***** Input data

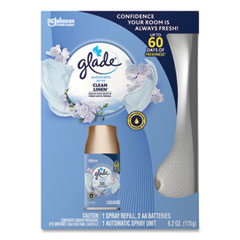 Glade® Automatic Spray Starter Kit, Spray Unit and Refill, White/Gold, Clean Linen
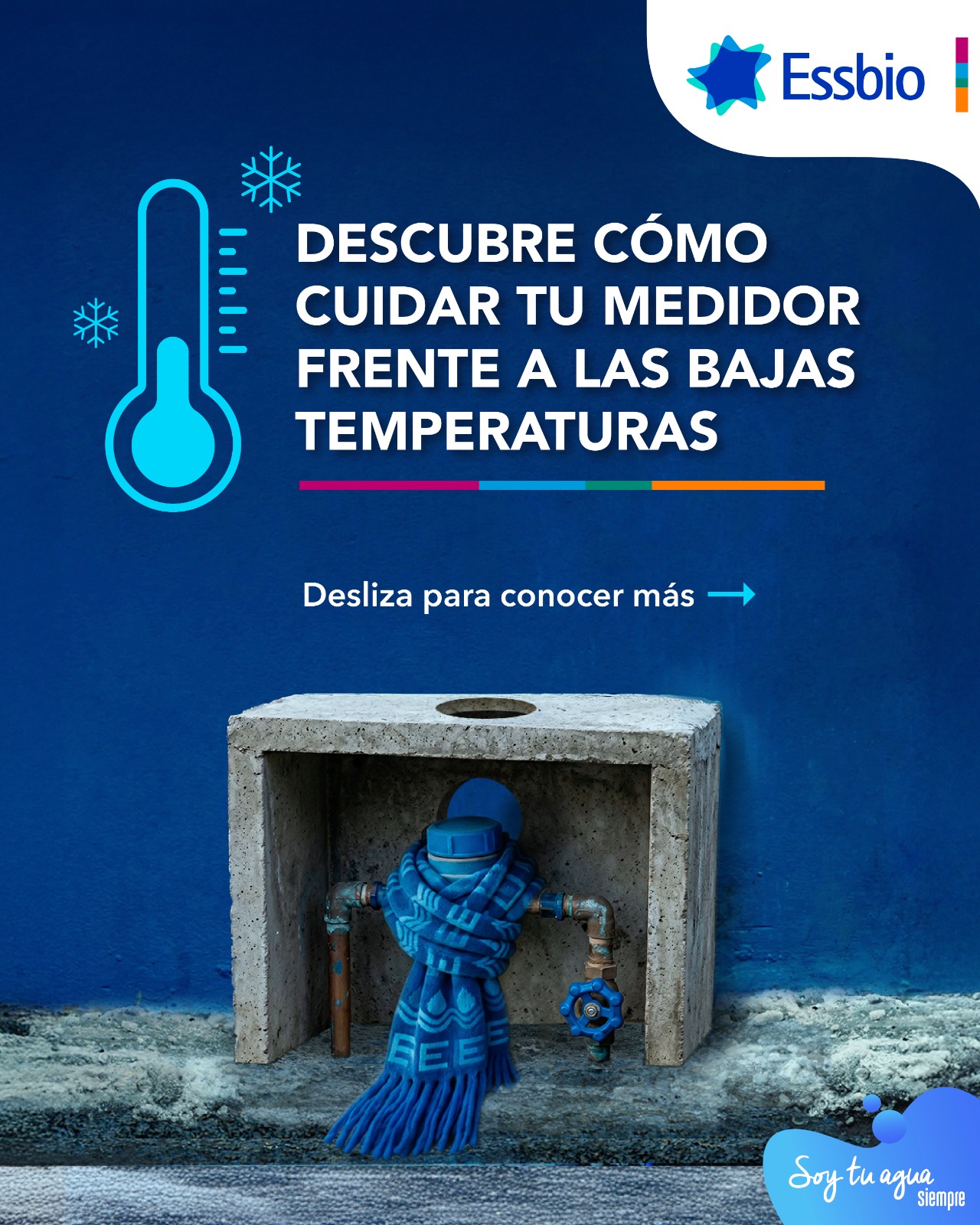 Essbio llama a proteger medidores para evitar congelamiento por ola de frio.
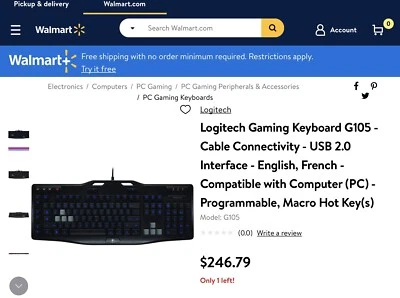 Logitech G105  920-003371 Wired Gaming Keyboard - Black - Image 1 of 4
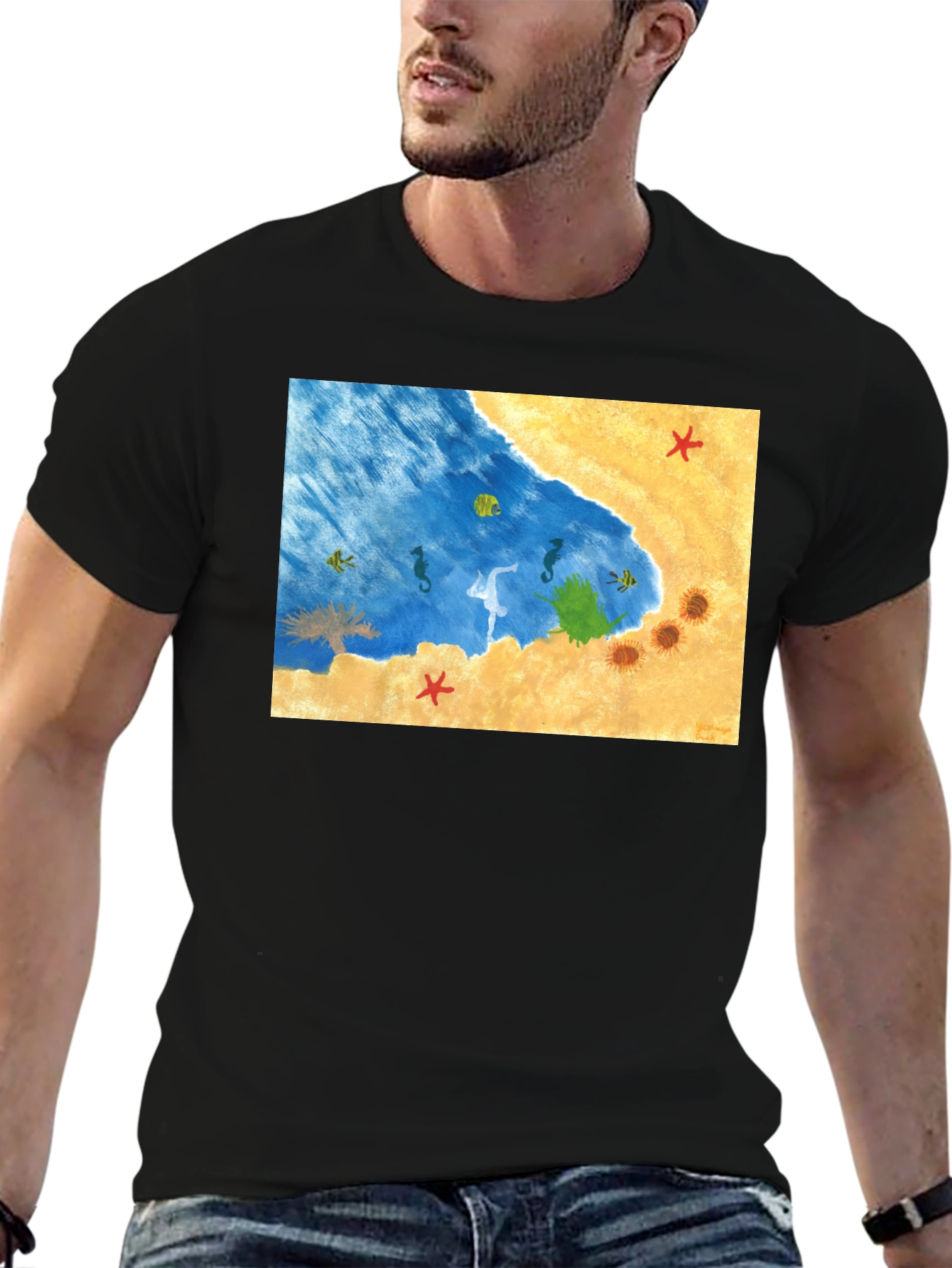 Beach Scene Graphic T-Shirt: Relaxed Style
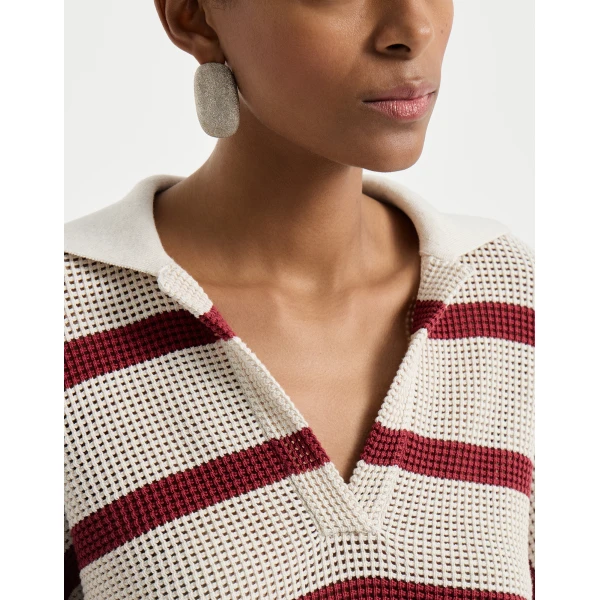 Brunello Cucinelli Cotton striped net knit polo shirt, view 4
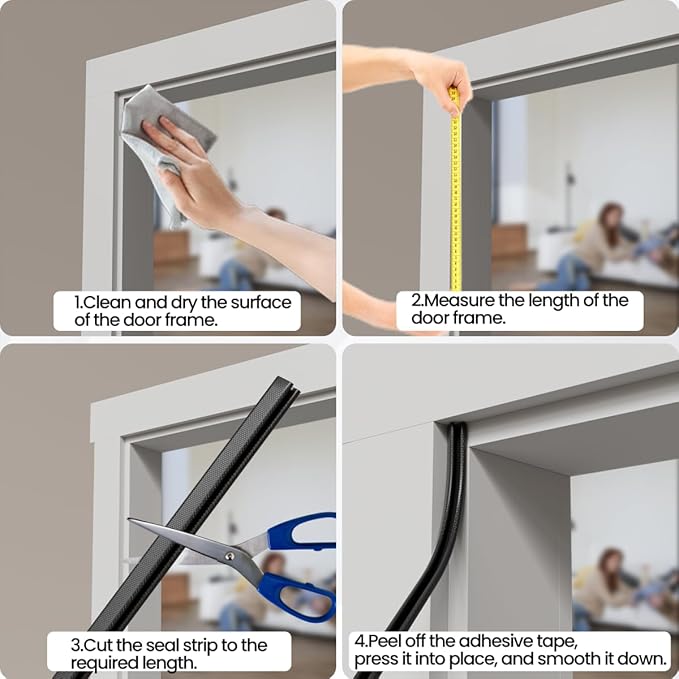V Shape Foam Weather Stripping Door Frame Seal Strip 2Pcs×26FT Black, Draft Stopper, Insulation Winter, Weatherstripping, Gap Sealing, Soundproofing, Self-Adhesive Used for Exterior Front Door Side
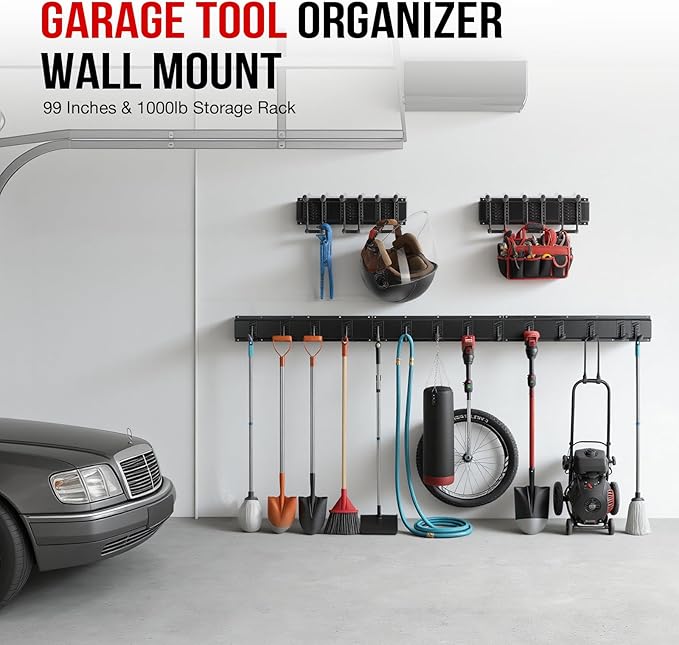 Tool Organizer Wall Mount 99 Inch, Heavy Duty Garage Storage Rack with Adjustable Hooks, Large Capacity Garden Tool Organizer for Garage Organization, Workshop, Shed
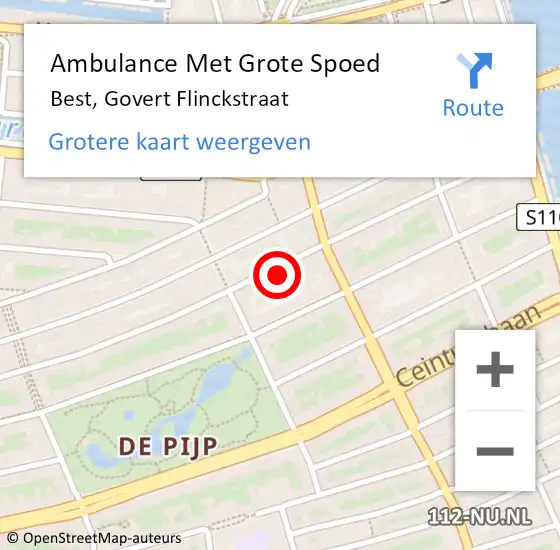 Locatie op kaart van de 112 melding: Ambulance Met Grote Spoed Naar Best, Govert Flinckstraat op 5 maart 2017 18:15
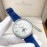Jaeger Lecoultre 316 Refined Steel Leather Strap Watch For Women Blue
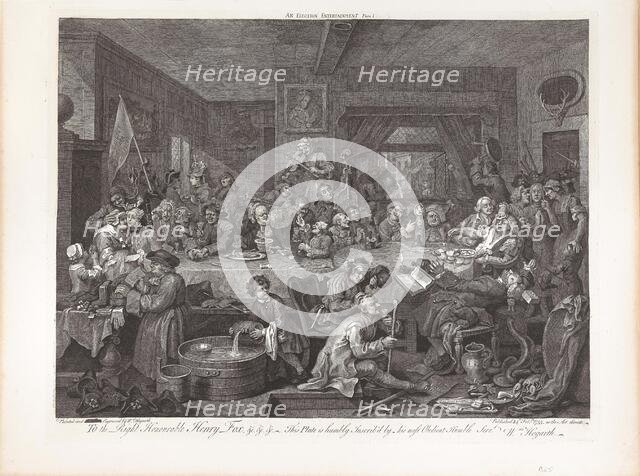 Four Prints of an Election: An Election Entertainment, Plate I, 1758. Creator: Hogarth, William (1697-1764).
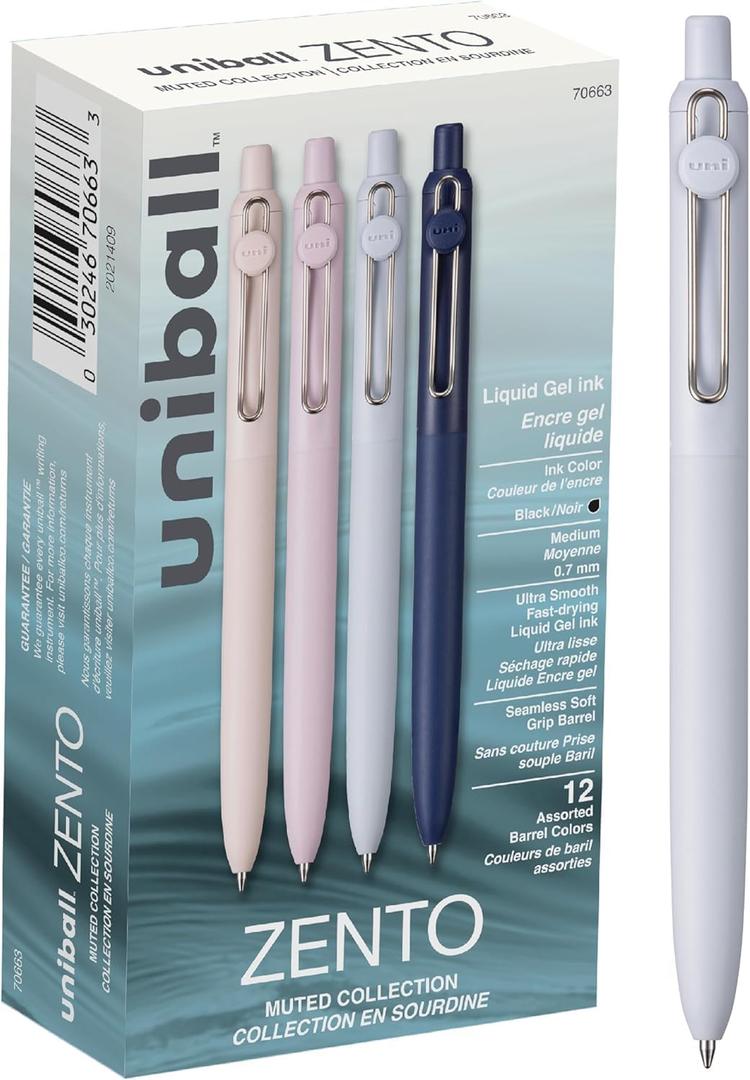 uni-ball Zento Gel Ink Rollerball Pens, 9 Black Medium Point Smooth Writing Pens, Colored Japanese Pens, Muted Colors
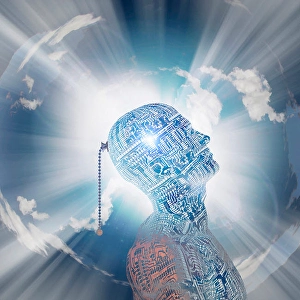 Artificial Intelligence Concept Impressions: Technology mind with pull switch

**********

About this task: With the pictures omitted, write out exactly the lines from the one that contains "Tool Organizer Wall" through the final line of the material above, both ends included.

Reply:
 Tool Organizer Wall Mount 99 Inch, Heavy Duty Garage Storage Rack with Adjustable Hooks, Large Capacity Garden Tool Organizer for Garage Organization, Workshop, Shed
 Locatie op kaart van de 112 melding: Ambulance Met Grote Spoed Naar Best, Govert Flinckstraat op 5 maart 2017 18:15
Jaeger Lecoultre 316 Refined Steel Leather Strap Watch For Women Blue
 Four Prints of an Election: An Election Entertainment, Plate I, 1758. Creator: Hogarth, William (1697-1764).
 uni-ball Zento Gel Ink Rollerball Pens, 9 Black Medium Point Smooth Writing Pens, Colored Japanese Pens, Muted Colors
 Artificial Intelligence Concept Impressions: Technology mind with pull switch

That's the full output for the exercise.